Provided records Block Start
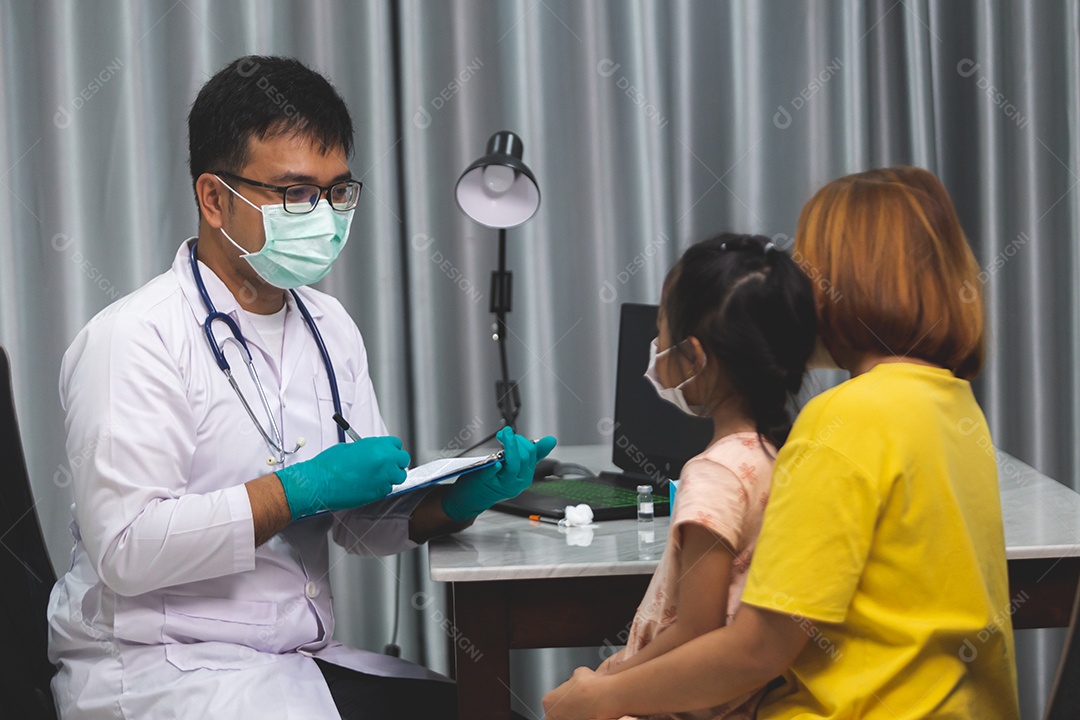 Mãe levando sua filha ao medico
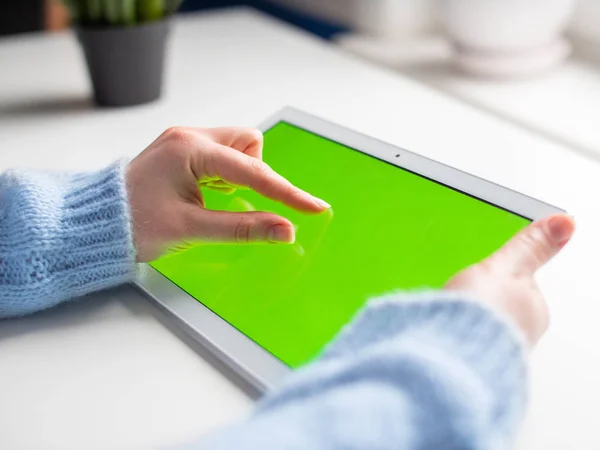 妇女拿着绿色屏幕手拿着平板电脑 然后点击屏幕上的手指 关闭元女网上购物 — 图库照片#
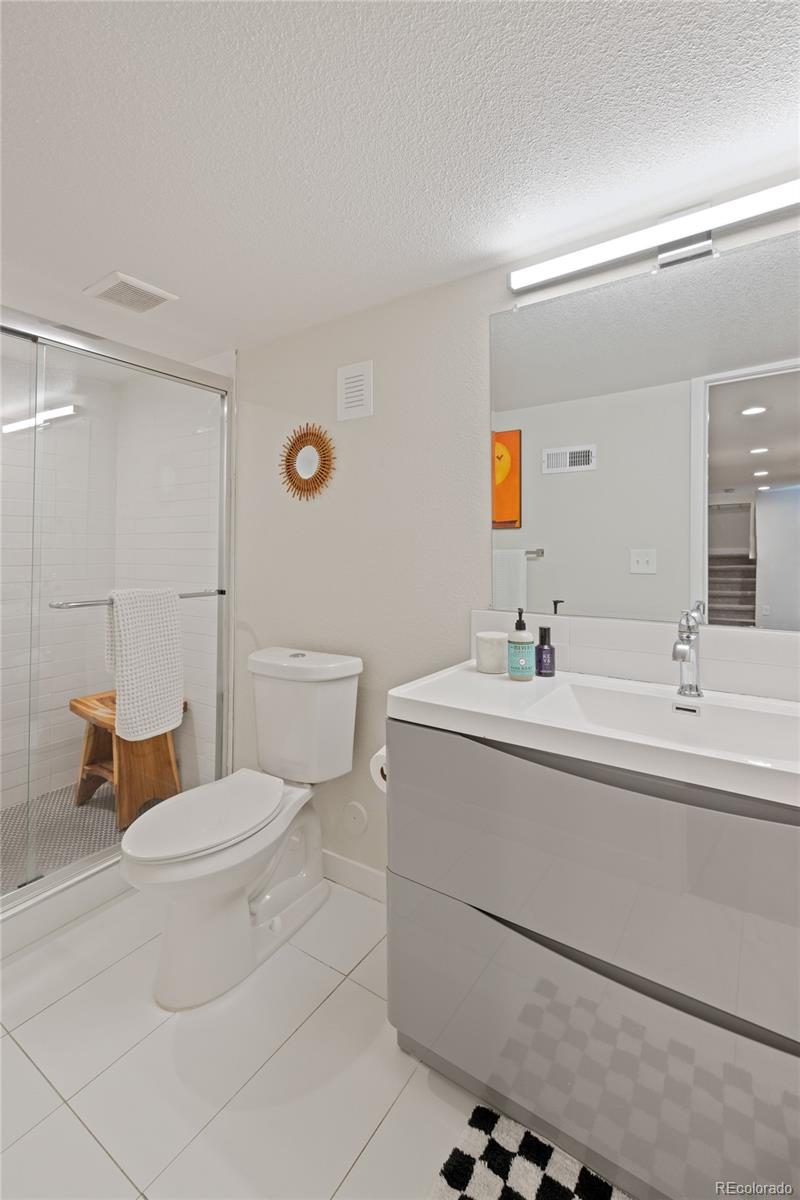 MLS Image #31 for 3011  oneida street,denver, Colorado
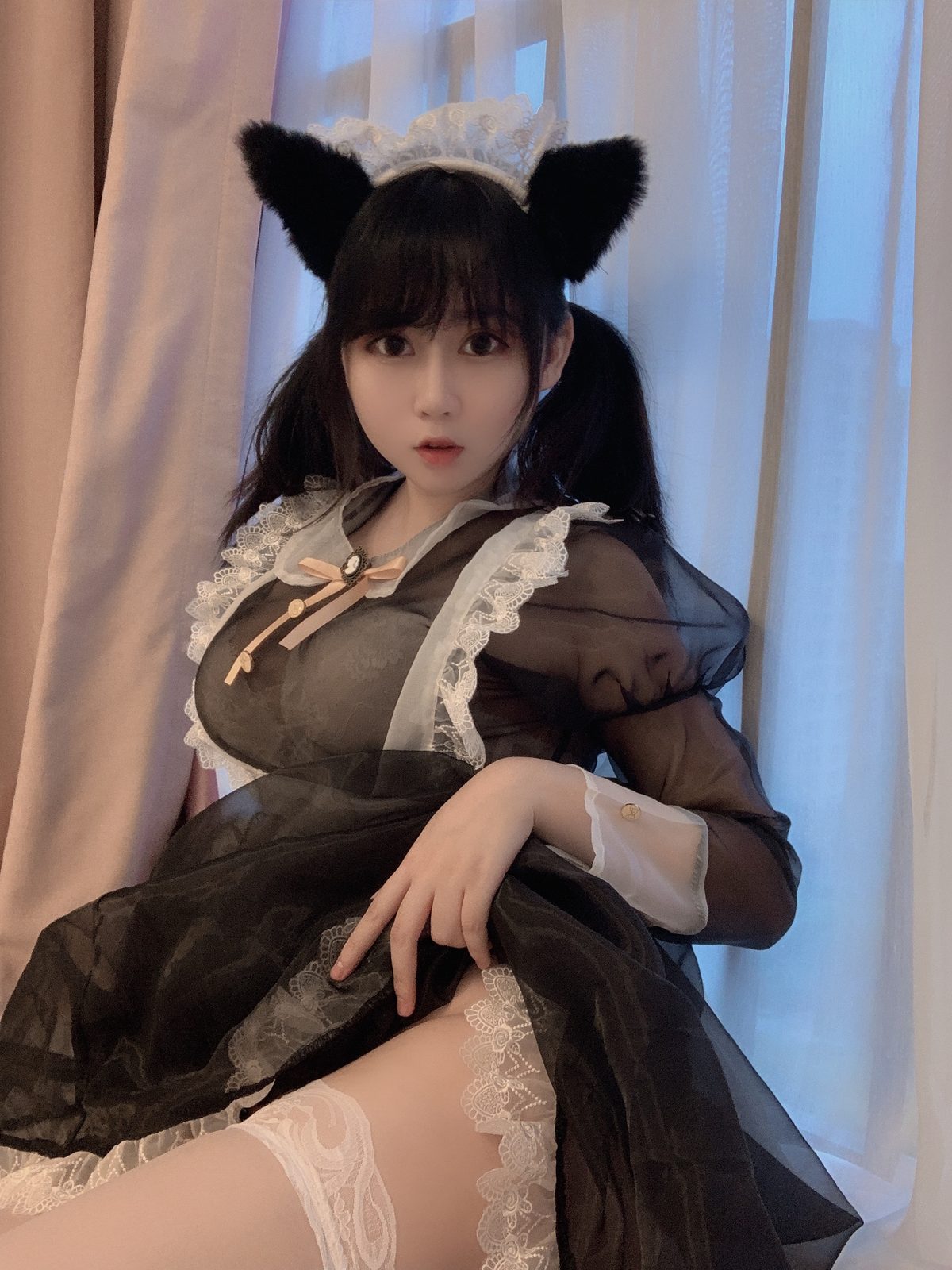 Coser@蜜桃少女是依酱呀 黑丝女仆 0028 5173289125.jpg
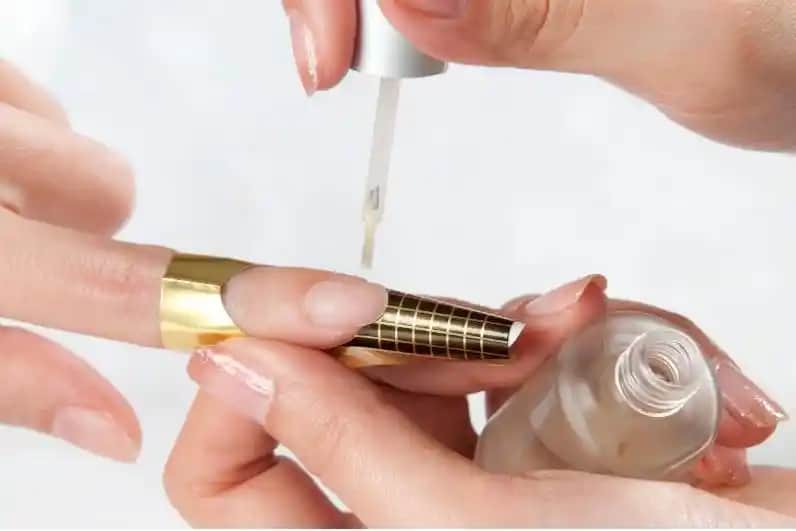 Jel Tırnak Uygulaması Güvenli mi ve Tırnak Sağlığına Etkileri Nelerdir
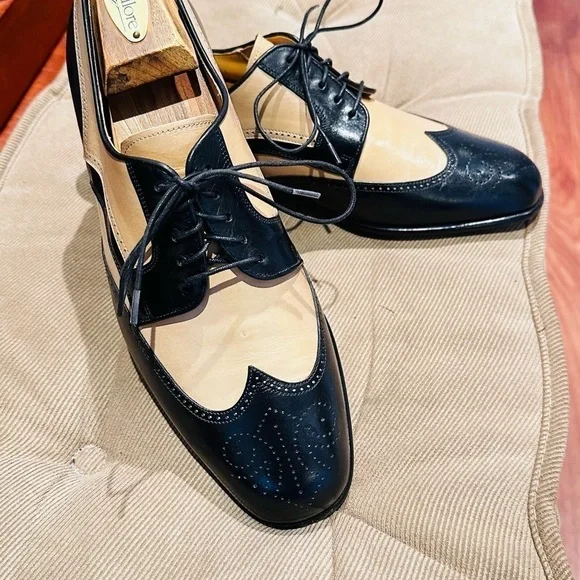 Soulier Two Tone Brogue Spectator Wingtip Oxfords. - Picture 2 of 13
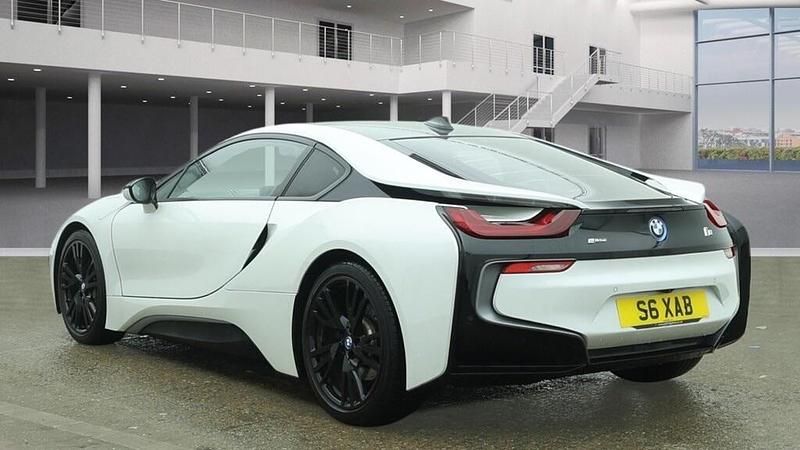 Used BMW i8 2018 White Coupe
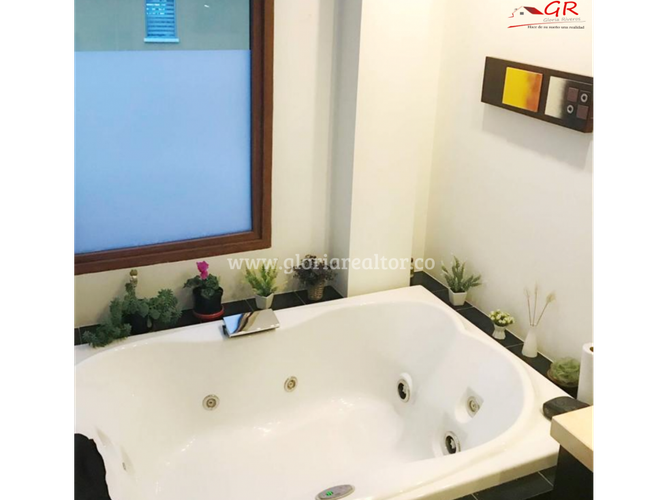 Casa de 5 alcobas en venta en Parcelas, Cota, 396 m² · foto 17 de 24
Provided records Block End
Your job is to copy each entry exactly as written; the pictures do not go in.

Solution to the problem:
 Mãe levando sua filha ao medico
 妇女拿着绿色屏幕手拿着平板电脑 然后点击屏幕上的手指 关闭元女网上购物 — 图库照片#
 MLS Image #31 for 3011  oneida street,denver, Colorado
 Coser@蜜桃少女是依酱呀 黑丝女仆 0028 5173289125.jpg
 Jel Tırnak Uygulaması Güvenli mi ve Tırnak Sağlığına Etkileri Nelerdir
 Soulier Two Tone Brogue Spectator Wingtip Oxfords. - Picture 2 of 13
 Used BMW i8 2018 White Coupe
 Casa de 5 alcobas en venta en Parcelas, Cota, 396 m² · foto 17 de 24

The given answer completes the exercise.